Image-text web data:

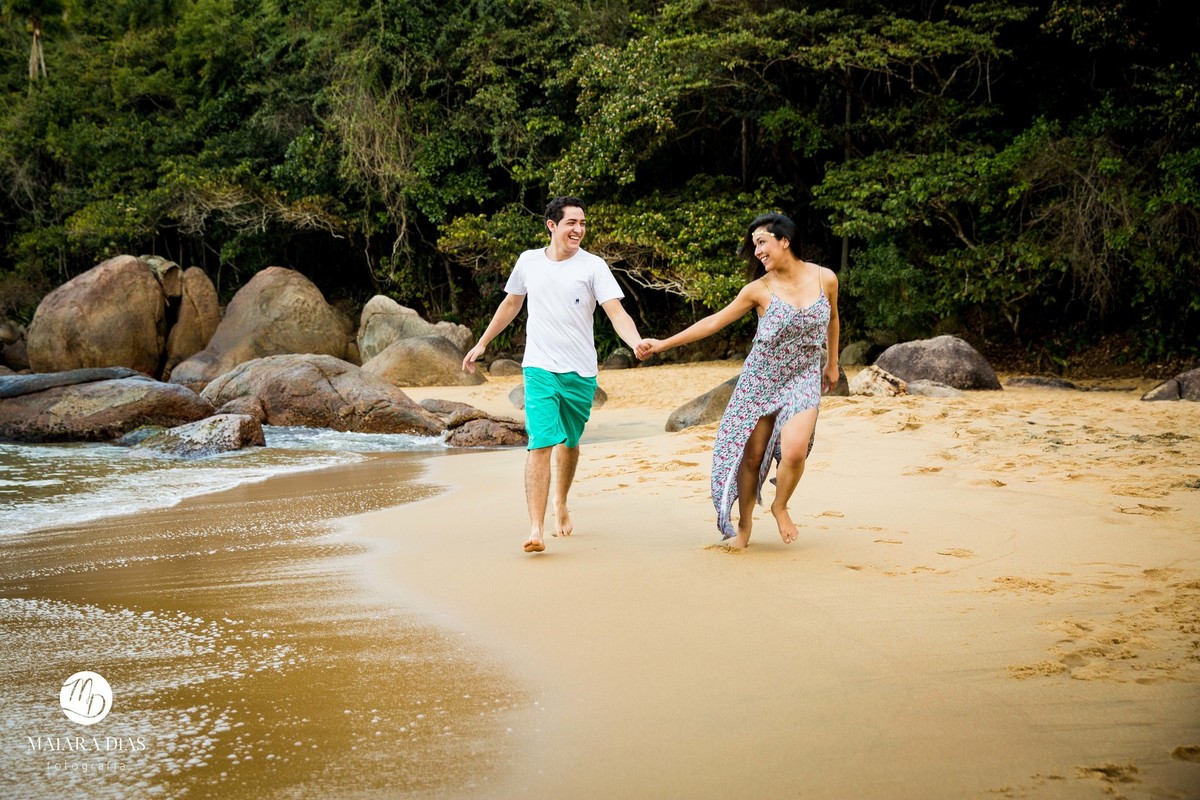 Ensaio Pre Wedding Thais e Bruno praia Paraty-RJ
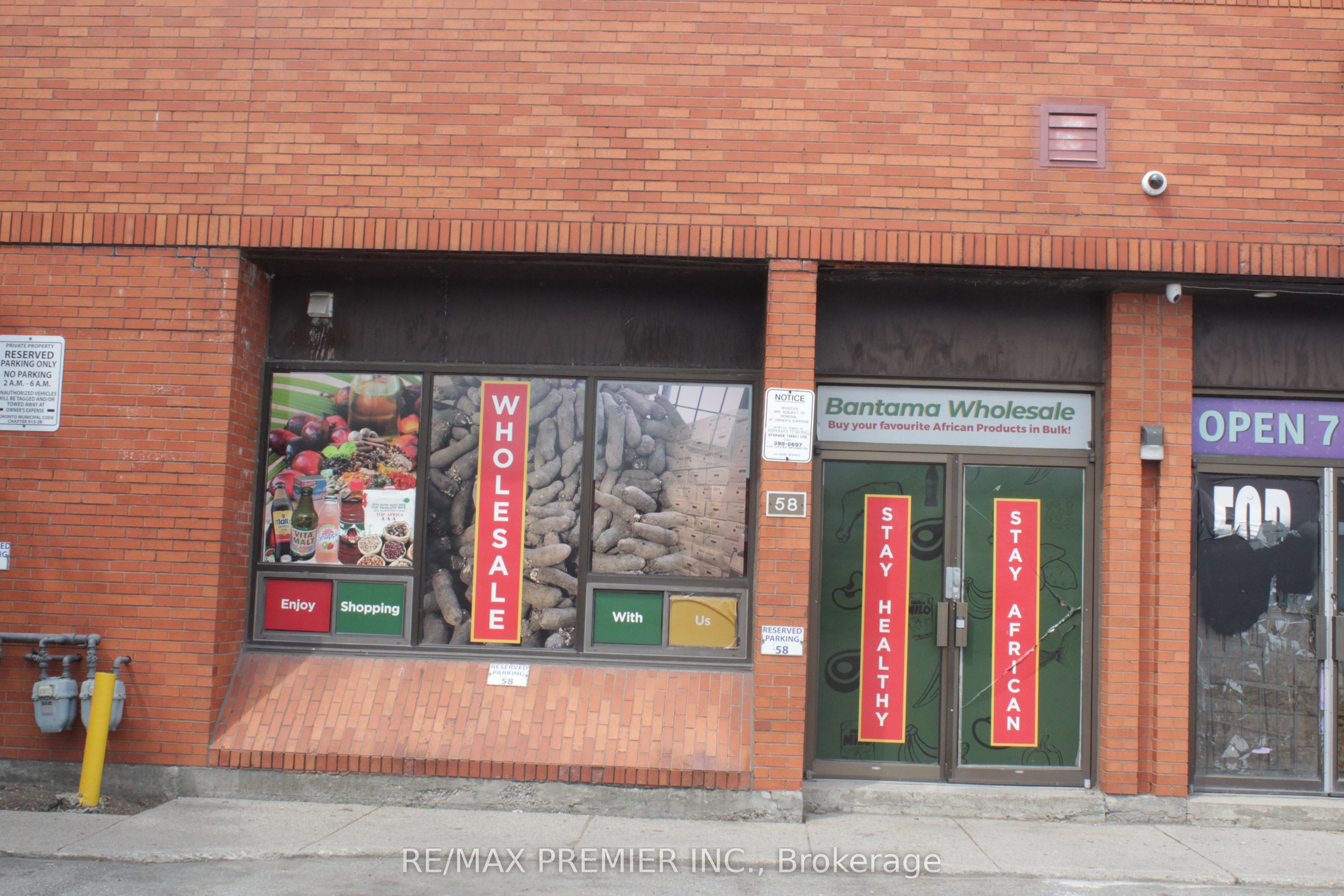 2300 Finch Avenue W 58-59 Property Photo 6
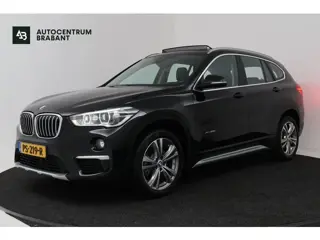 BMW X1 XDrive20i High Executive (PANORAMADAK, CAMERA, TREKHAAK, STOELVERWARMING, DEALER ONDERHOUD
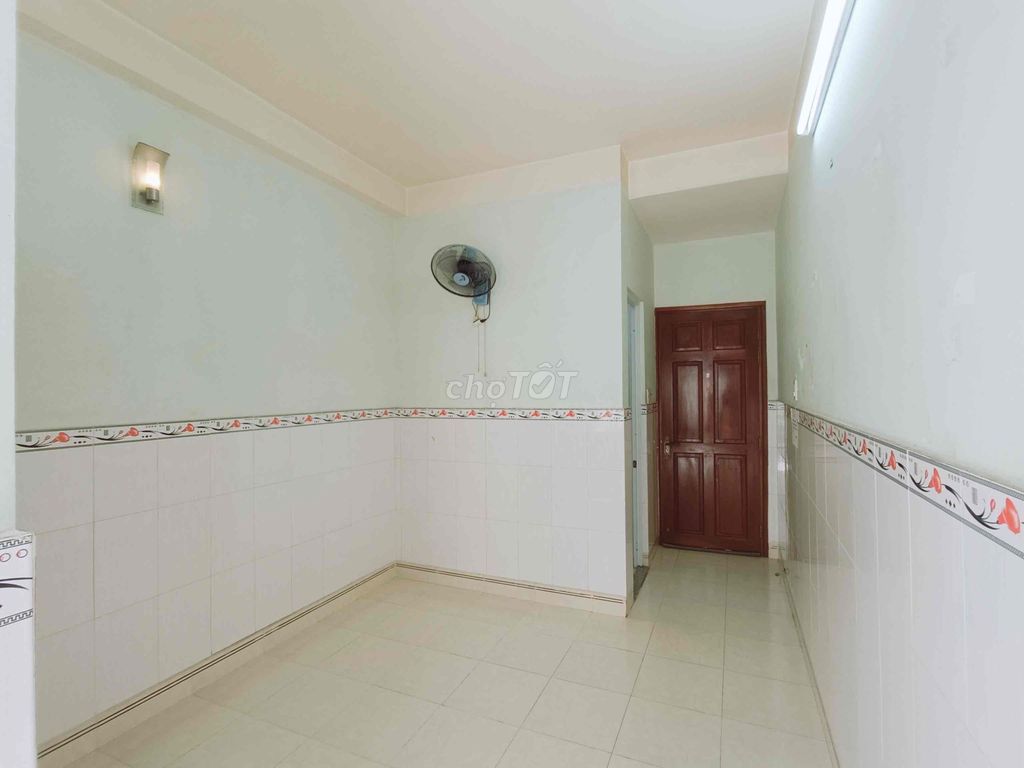 Rent Nguyễn Trãi, District 1.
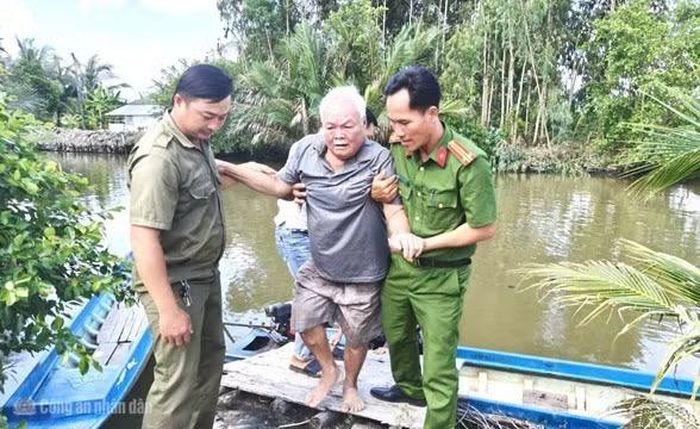 Công an xã Vĩnh Lộc cùng lực lượng ANTT cơ sở hỗ trợ ông Lê Quang Hung (ngụ ấp Vĩnh Thạnh, xã Vĩnh Lộc) thu nhận mẫu ADN.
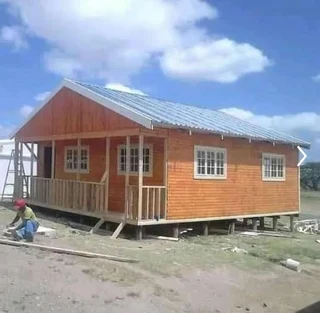 Log homes and Nutec.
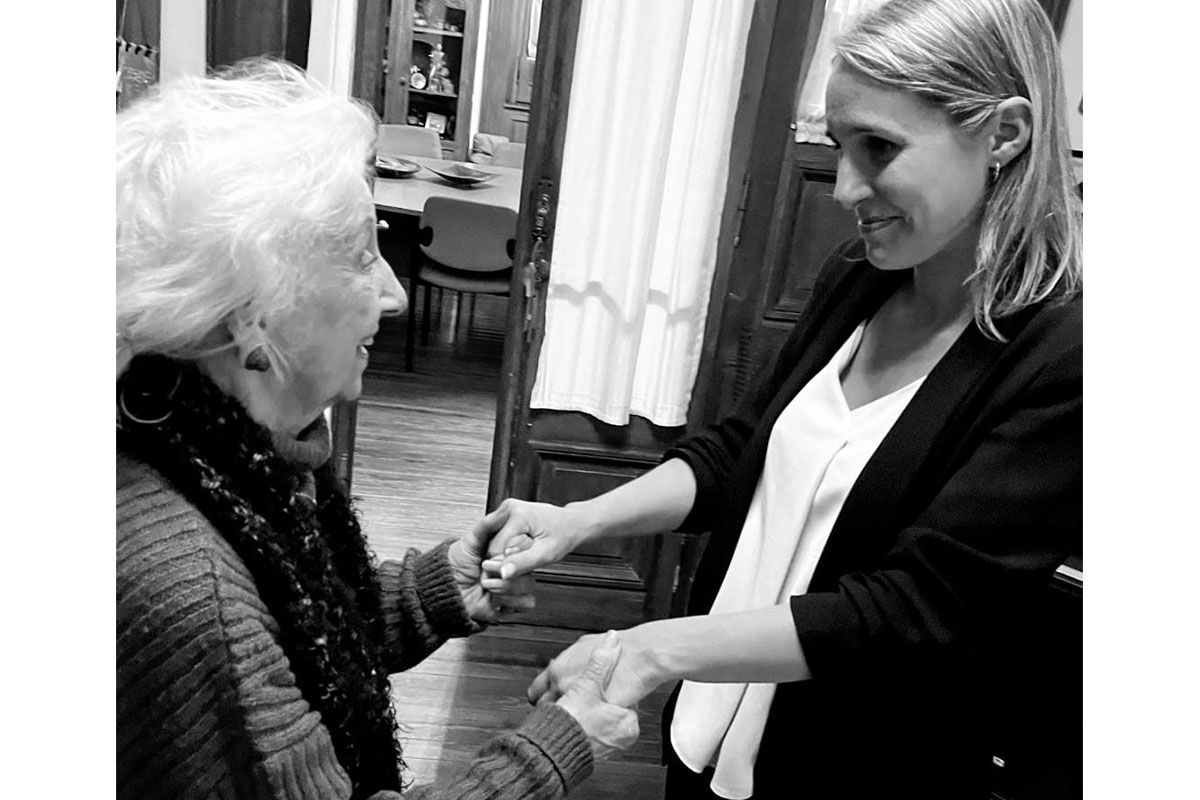 The colonel, his prosecutor niece and the journey through the memory of a country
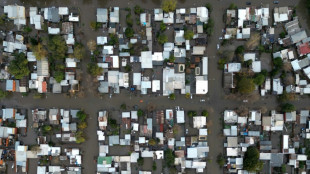 Tres desaparecidos y casi 3.000 evacuados por inundaciones en Argentina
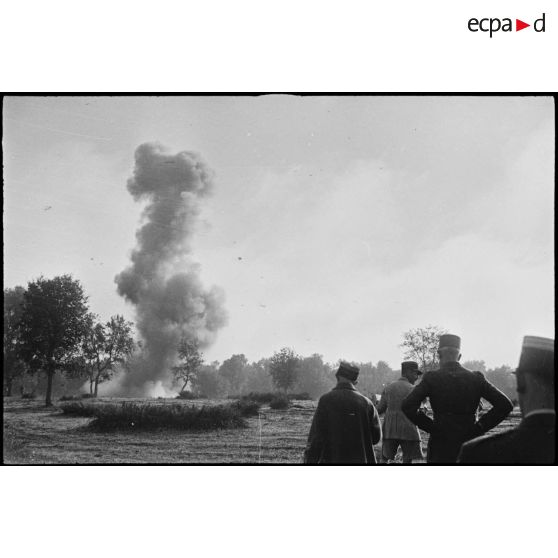 Lors&#x20;d&#x27;une&#x20;inspection&#x20;de&#x20;la&#x20;5e&#x20;division&#x20;blind&#xE9;e&#x20;&#x28;DB&#x29;,&#x20;au&#x20;centre&#x20;d&#x27;instruction&#x20;divisionnaire,&#x20;le&#x20;g&#xE9;n&#xE9;ral&#x20;de&#x20;corps&#x20;d&#x27;arm&#xE9;e&#x20;Roger&#x20;Leyer,&#x20;aide-major&#x20;g&#xE9;n&#xE9;ral&#x20;charg&#xE9;&#x20;de&#x20;l&#x27;organisation,&#x20;assiste&#x20;&#xE0;&#x20;l&#x27;explosion&#x20;d&#x27;une&#x20;mine&#x20;par&#x20;le&#x20;96e&#x20;bataillon&#x20;du&#x20;g&#xE9;nie&#x20;&#x28;BG&#x29;.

Required work. Restate, word for word, the entries above, dropping any picture.

Answer to the exercise.
 Ensaio Pre Wedding Thais e Bruno praia Paraty-RJ
 2300 Finch Avenue W 58-59 Property Photo 6
 BMW X1 XDrive20i High Executive (PANORAMADAK, CAMERA, TREKHAAK, STOELVERWARMING, DEALER ONDERHOUD
 Rent Nguyễn Trãi, District 1.
 Công an xã Vĩnh Lộc cùng lực lượng ANTT cơ sở hỗ trợ ông Lê Quang Hung (ngụ ấp Vĩnh Thạnh, xã Vĩnh Lộc) thu nhận mẫu ADN.
 Log homes and Nutec.
 The colonel, his prosecutor niece and the journey through the memory of a country
 Tres desaparecidos y casi 3.000 evacuados por inundaciones en Argentina
 Lors&#x20;d&#x27;une&#x20;inspection&#x20;de&#x20;la&#x20;5e&#x20;division&#x20;blind&#xE9;e&#x20;&#x28;DB&#x29;,&#x20;au&#x20;centre&#x20;d&#x27;instruction&#x20;divisionnaire,&#x20;le&#x20;g&#xE9;n&#xE9;ral&#x20;de&#x20;corps&#x20;d&#x27;arm&#xE9;e&#x20;Roger&#x20;Leyer,&#x20;aide-major&#x20;g&#xE9;n&#xE9;ral&#x20;charg&#xE9;&#x20;de&#x20;l&#x27;organisation,&#x20;assiste&#x20;&#xE0;&#x20;l&#x27;explosion&#x20;d&#x27;une&#x20;mine&#x20;par&#x20;le&#x20;96e&#x20;bataillon&#x20;du&#x20;g&#xE9;nie&#x20;&#x28;BG&#x29;.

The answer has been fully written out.